8.(A)Helicase unwinds the double helix of DNA, and topoisomerase relieves the stress caused by the supercoiling (created when helicase unwinds the DNA). Choices (B) and (C) are incorrect because DNA polymerase adds new nucleotides; it does not have an unwinding function. Choices (C) and (D) are incorrect because ligase joins together short segments of DNA created on the lagging strand by discontinuous replication.

9.(C)DNA polymerase adds new nucleotides to the growing DNA strand, and ligase joins the discontinuous segments of DNA on the lagging strand together. Choice (A) is incorrect because helicase unwinds the DNA double helix and topoisomerase relieves the supercoiling created by this unwinding. Since topoisomerase relieves supercoiling, choice (B) is also incorrect. Choice (D) is incorrect because helicase is responsible for unwinding the DNA double helix, not adding new nucleotides.
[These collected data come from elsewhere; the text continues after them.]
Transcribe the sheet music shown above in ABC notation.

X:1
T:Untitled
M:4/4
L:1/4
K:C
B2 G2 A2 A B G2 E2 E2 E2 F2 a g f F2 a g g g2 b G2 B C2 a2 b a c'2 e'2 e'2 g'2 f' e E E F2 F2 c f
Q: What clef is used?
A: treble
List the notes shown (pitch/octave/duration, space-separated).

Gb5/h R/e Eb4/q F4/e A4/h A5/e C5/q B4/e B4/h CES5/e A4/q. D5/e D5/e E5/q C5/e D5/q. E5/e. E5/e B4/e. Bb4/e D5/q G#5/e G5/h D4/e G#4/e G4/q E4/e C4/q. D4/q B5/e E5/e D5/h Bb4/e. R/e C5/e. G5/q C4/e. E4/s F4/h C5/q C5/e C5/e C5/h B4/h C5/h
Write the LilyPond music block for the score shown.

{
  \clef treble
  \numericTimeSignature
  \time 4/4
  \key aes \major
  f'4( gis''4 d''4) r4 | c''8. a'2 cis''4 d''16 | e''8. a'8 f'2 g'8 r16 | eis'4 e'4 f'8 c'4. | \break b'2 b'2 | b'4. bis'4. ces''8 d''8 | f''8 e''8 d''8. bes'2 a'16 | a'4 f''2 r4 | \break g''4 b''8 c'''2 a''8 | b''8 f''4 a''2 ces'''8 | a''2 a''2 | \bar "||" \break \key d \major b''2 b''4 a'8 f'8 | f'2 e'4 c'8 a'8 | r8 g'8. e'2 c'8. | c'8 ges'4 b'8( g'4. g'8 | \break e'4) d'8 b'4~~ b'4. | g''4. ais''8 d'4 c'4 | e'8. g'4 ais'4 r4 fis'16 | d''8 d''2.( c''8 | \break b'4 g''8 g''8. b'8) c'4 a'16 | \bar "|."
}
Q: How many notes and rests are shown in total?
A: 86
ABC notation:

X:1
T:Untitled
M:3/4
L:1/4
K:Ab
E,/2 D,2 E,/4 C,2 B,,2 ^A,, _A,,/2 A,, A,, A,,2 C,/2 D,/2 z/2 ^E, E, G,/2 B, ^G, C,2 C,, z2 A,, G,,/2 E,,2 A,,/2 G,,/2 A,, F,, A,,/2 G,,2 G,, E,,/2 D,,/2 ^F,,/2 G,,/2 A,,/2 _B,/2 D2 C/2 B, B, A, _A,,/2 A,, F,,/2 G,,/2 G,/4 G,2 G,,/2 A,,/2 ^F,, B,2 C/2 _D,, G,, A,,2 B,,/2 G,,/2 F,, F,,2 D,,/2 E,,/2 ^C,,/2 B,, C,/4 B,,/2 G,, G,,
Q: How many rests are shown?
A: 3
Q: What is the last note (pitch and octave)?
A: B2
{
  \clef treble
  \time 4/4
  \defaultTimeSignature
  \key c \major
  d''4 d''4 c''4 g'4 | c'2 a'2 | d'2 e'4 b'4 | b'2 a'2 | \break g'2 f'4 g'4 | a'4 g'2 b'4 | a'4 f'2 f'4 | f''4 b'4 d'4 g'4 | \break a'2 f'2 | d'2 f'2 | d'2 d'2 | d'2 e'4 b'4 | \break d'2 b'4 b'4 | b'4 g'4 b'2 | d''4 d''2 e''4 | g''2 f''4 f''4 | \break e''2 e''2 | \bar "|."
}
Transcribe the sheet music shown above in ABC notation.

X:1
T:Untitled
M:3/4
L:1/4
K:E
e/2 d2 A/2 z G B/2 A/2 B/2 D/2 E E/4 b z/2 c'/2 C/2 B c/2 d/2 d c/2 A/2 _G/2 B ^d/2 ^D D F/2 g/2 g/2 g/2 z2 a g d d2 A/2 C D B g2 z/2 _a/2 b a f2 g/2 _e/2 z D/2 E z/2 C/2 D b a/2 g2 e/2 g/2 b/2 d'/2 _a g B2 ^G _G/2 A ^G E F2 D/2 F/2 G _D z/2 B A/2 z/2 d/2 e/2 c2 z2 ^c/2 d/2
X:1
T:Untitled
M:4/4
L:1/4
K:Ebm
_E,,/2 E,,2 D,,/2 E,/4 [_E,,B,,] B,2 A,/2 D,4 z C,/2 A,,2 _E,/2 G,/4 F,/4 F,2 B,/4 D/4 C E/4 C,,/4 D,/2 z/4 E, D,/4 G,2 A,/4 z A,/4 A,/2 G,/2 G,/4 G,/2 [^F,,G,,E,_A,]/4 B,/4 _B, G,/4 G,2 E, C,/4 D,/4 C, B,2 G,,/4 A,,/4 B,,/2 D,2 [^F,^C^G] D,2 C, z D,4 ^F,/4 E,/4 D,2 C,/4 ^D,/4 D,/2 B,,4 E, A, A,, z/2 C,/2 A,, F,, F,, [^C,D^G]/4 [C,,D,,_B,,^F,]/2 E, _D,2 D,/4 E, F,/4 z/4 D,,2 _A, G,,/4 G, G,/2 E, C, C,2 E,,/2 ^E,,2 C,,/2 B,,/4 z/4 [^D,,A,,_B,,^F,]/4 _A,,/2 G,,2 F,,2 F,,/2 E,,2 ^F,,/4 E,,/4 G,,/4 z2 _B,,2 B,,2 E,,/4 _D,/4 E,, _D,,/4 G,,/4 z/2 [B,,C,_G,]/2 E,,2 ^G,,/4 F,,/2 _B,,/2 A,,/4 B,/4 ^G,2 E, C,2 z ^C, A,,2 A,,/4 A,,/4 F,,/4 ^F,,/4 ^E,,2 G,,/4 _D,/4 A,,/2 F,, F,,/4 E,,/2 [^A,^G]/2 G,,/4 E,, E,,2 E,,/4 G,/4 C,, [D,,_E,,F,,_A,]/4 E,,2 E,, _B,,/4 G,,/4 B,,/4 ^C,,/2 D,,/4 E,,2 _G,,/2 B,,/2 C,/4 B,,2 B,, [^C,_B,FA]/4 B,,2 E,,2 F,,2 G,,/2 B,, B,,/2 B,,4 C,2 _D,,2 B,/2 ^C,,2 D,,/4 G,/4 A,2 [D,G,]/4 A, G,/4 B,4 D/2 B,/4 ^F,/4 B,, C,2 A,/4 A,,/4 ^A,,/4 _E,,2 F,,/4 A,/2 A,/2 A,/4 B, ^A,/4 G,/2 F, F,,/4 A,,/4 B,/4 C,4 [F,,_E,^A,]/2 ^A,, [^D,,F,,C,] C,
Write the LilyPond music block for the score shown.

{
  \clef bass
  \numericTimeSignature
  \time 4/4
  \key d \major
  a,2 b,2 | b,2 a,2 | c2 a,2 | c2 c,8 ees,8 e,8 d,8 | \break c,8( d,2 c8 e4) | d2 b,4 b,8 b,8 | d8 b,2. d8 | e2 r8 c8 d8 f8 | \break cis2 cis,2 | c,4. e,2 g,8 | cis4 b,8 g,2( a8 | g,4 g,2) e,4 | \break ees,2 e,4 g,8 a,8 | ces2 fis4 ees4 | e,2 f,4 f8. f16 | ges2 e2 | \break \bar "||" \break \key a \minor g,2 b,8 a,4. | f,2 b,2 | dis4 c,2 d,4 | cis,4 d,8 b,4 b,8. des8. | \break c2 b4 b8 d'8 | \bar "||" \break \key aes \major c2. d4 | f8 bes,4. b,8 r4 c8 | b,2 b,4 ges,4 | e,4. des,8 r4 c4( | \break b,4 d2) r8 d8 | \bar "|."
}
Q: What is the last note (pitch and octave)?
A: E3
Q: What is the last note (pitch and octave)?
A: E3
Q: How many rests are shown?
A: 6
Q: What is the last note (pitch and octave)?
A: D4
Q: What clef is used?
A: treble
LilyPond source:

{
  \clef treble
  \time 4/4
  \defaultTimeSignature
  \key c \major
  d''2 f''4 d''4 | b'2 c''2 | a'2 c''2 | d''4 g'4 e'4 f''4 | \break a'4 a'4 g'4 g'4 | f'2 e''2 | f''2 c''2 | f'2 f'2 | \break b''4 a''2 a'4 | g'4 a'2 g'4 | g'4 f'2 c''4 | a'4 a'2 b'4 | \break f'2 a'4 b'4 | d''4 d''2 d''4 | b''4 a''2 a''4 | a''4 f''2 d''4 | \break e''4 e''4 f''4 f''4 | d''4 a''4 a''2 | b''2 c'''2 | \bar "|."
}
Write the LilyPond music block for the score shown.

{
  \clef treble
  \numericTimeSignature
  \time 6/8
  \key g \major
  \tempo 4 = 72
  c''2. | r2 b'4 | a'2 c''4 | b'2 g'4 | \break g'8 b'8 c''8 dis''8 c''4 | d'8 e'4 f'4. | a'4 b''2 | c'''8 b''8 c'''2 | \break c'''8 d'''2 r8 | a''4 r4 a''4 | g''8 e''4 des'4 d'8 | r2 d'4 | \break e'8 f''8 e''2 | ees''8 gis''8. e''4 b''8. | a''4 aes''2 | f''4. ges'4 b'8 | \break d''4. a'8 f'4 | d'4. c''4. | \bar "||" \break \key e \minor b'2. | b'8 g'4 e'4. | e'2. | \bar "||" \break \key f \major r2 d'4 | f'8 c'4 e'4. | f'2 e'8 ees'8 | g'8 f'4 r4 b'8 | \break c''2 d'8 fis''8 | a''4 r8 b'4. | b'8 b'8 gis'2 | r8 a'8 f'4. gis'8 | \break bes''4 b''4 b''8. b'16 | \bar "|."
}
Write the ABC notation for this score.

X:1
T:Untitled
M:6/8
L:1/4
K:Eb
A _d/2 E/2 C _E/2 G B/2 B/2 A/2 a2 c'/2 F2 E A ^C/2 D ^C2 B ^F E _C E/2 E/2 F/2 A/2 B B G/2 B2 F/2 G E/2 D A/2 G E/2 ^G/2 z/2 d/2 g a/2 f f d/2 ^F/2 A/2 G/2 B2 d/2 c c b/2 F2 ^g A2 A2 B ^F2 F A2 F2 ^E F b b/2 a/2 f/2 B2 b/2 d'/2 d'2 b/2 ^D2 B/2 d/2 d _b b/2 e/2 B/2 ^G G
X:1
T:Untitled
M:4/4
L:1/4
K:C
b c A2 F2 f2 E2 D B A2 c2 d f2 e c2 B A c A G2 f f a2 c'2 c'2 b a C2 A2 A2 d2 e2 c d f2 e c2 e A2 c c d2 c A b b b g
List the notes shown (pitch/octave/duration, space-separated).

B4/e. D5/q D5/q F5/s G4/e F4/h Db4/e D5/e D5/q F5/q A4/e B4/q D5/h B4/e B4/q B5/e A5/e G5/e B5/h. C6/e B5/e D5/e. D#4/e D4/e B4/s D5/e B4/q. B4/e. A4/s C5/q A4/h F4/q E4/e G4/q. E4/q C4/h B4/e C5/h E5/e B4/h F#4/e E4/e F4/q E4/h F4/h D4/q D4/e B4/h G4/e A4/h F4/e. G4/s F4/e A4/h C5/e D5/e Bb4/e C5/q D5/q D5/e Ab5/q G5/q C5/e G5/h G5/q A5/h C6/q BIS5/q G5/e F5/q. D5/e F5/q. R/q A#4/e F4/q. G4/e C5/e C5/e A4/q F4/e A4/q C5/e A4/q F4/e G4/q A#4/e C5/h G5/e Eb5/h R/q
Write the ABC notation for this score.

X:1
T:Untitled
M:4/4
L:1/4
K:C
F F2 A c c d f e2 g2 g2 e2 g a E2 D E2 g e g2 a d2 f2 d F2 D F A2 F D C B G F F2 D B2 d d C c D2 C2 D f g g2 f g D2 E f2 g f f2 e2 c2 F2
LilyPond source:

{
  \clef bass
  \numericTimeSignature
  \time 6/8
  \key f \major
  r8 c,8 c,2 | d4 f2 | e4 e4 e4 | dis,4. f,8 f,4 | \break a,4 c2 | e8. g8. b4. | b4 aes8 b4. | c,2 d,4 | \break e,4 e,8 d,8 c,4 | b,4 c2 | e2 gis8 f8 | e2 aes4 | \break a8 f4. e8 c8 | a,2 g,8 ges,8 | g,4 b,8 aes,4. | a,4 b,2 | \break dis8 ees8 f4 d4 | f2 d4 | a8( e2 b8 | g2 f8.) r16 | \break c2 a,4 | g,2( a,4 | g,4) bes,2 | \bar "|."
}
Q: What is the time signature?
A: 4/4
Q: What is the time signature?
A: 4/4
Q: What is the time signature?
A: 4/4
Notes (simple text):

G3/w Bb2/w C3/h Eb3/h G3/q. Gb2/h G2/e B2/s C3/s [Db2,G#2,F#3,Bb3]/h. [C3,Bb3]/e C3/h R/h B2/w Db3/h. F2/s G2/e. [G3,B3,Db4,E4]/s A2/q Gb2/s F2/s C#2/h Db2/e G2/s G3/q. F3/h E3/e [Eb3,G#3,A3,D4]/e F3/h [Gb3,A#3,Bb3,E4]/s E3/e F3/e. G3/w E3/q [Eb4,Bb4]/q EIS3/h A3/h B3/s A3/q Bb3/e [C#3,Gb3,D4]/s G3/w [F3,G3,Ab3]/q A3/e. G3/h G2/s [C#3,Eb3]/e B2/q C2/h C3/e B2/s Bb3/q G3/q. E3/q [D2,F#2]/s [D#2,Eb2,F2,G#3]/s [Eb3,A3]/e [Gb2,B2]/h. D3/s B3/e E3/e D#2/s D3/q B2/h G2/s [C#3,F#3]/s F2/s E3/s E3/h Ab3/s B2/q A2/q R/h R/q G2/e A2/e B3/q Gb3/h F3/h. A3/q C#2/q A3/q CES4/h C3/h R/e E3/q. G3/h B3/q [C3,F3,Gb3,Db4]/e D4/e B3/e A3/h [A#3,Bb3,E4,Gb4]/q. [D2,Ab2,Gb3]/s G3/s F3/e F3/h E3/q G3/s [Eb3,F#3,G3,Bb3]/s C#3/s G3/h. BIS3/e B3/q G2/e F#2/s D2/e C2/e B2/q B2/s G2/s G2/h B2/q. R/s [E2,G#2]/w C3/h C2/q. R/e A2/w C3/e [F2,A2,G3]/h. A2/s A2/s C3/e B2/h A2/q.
10.(C)Plasmids are small, circular pieces of DNA outside of the nucleus that can be found in prokaryotes and eukaryotes. Okazaki fragments are the short segments of DNA created by discontinuous replication on the lagging strand of DNA, so choice (A) is incorrect. Choice (B) is incorrect because RNA primers are used to give DNA polymerase a place to start adding nucleotides to on the growing DNA strand. Linear chromosomes are found in eukaryotes, not prokaryotes, and they are in the nucleus (they are not extranuclear). Thus, choice (D) is also incorrect.

Short Free-Response

11.(a)A virus that uses reverse transcriptase would have RNA as its genetic material, so its genome would contain the nucleotides adenine, cytosine, guanine, and uracil. (Thymine is not found in RNA.)

(b)Eukaryotic cells contain DNA as their genetic material and do not need to use reverse transcriptase to make a DNA copy of their genetic material. Therefore, eukaryotic cells do not contain reverse transcriptase. A reverse transcriptase inhibitor would have few, if any, side effects on eukaryotic cells.

(c)Retroviruses would be expected to have a higher mutation rate than that of DNA viruses.

(d)One reason why a retrovirus would be expected to have a higher mutation rate than that of a DNA virus is because retroviruses use reverse transcriptase to copy their genome. Reverse transcriptase is less accurate and generates more mutations than DNA polymerase, which would lead to a higher mutation rate in retroviruses.

12.(a)The function of ligase in DNA replication is to join the fragments created during replication of the lagging strand in DNA.

(b)An appropriate control would be to conduct replication of the same DNA sequence without the presence of the ligase inhibitor.

(c)The lagging strand of DNA would be most affected by a ligase inhibitor.

(d)Replication of the lagging strand of DNA would produce multiple short fragments that would need to be joined by ligase. An inhibitor of ligase would prevent this from happening.

Long Free-Response

13.(a)DNA polymerase needs a 3′ hydroxyl group to which it can add new nucleotides, so a primer is necessary to allow DNA polymerase to add the first new nucleotide.

(b)

(c)Each cycle of PCR doubles the number of copies of the desired DNA sequence. In other words, this is an exponential growth relationship.

(d)Since the number of copies of the desired DNA sequence doubles with each cycle, a minimum of 10 cycles would be required to produce at least 1,000 copies. After 8 cycles, 256 copies would be present. After 9 cycles, 512 copies would be present, and after 10 cycles, 1,024 copies would be present.